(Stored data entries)
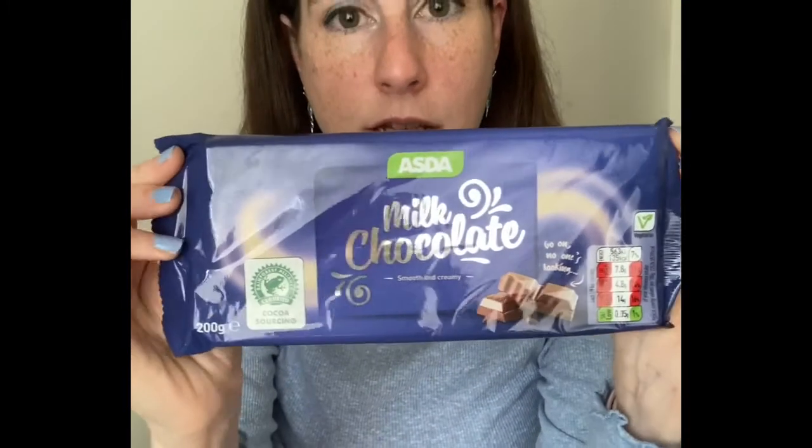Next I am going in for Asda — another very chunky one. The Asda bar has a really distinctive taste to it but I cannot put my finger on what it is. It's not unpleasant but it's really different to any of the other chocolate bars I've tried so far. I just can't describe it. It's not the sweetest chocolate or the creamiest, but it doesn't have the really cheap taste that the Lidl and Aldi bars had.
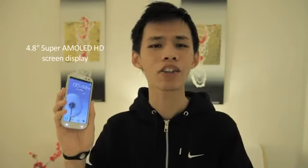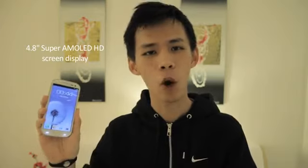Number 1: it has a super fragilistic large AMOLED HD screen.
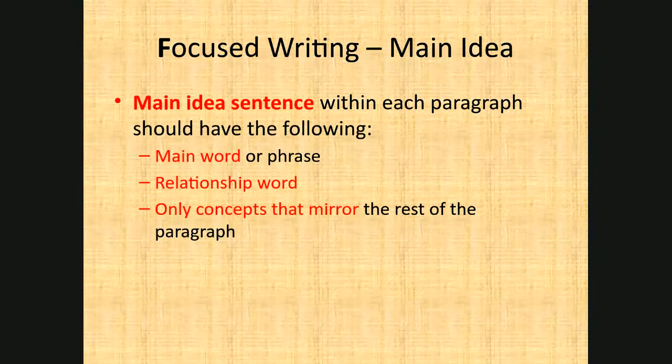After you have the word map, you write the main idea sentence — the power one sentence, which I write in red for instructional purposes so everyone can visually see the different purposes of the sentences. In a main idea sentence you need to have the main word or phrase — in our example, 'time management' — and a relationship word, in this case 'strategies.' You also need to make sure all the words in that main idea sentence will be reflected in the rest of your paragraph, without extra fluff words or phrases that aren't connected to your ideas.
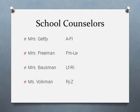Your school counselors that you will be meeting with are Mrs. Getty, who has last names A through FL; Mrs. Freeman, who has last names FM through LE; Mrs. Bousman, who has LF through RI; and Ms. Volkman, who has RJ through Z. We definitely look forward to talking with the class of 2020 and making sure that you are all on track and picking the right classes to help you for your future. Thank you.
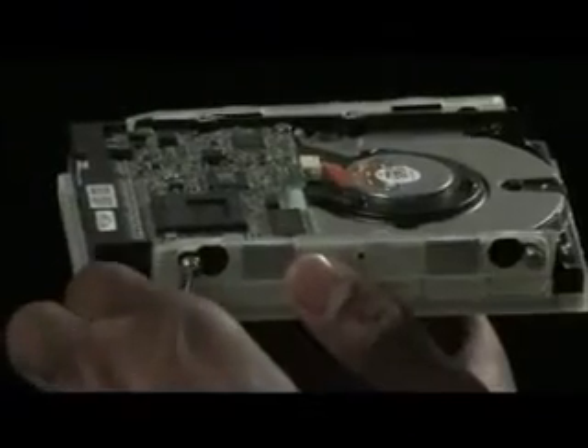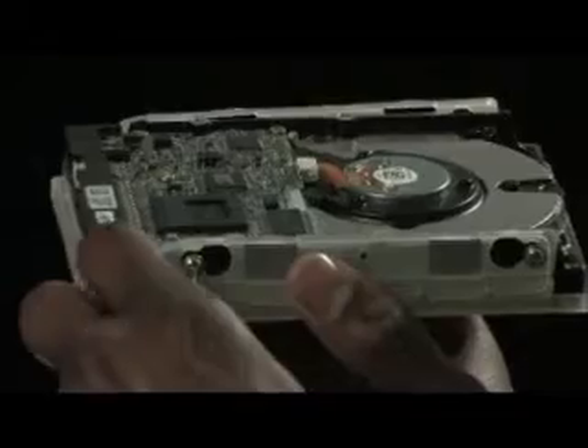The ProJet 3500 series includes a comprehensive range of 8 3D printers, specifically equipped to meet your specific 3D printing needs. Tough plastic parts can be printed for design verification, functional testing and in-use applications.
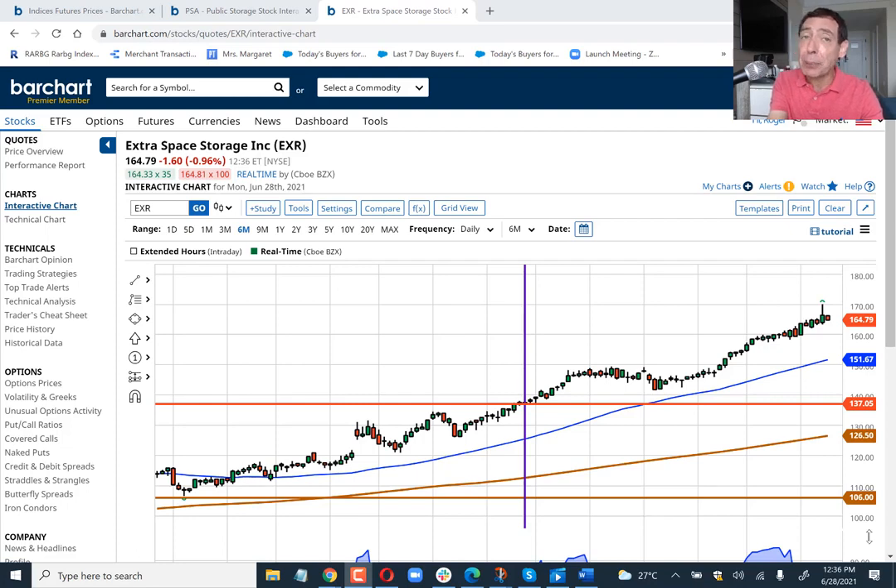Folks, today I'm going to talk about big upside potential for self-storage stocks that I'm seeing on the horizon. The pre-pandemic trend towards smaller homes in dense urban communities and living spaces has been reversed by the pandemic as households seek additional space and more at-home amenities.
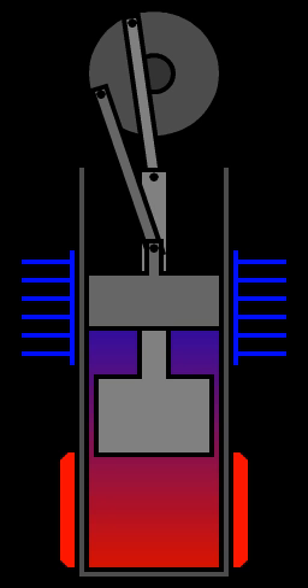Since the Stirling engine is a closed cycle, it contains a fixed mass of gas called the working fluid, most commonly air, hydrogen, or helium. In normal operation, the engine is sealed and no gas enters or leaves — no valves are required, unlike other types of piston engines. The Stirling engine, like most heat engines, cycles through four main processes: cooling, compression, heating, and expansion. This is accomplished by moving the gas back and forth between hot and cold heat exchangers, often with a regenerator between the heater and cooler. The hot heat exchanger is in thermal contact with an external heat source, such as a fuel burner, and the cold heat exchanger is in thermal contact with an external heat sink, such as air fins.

Problem details -
Restate the entries above word for word, minus the pictures.

Exercise solution -
Next I am going in for Asda — another very chunky one. The Asda bar has a really distinctive taste to it but I cannot put my finger on what it is. It's not unpleasant but it's really different to any of the other chocolate bars I've tried so far. I just can't describe it. It's not the sweetest chocolate or the creamiest, but it doesn't have the really cheap taste that the Lidl and Aldi bars had.
Number 1: it has a super fragilistic large AMOLED HD screen.
After you have the word map, you write the main idea sentence — the power one sentence, which I write in red for instructional purposes so everyone can visually see the different purposes of the sentences. In a main idea sentence you need to have the main word or phrase — in our example, 'time management' — and a relationship word, in this case 'strategies.' You also need to make sure all the words in that main idea sentence will be reflected in the rest of your paragraph, without extra fluff words or phrases that aren't connected to your ideas.
Your school counselors that you will be meeting with are Mrs. Getty, who has last names A through FL; Mrs. Freeman, who has last names FM through LE; Mrs. Bousman, who has LF through RI; and Ms. Volkman, who has RJ through Z. We definitely look forward to talking with the class of 2020 and making sure that you are all on track and picking the right classes to help you for your future. Thank you.
The ProJet 3500 series includes a comprehensive range of 8 3D printers, specifically equipped to meet your specific 3D printing needs. Tough plastic parts can be printed for design verification, functional testing and in-use applications.
Folks, today I'm going to talk about big upside potential for self-storage stocks that I'm seeing on the horizon. The pre-pandemic trend towards smaller homes in dense urban communities and living spaces has been reversed by the pandemic as households seek additional space and more at-home amenities.
Since the Stirling engine is a closed cycle, it contains a fixed mass of gas called the working fluid, most commonly air, hydrogen, or helium. In normal operation, the engine is sealed and no gas enters or leaves — no valves are required, unlike other types of piston engines. The Stirling engine, like most heat engines, cycles through four main processes: cooling, compression, heating, and expansion. This is accomplished by moving the gas back and forth between hot and cold heat exchangers, often with a regenerator between the heater and cooler. The hot heat exchanger is in thermal contact with an external heat source, such as a fuel burner, and the cold heat exchanger is in thermal contact with an external heat sink, such as air fins.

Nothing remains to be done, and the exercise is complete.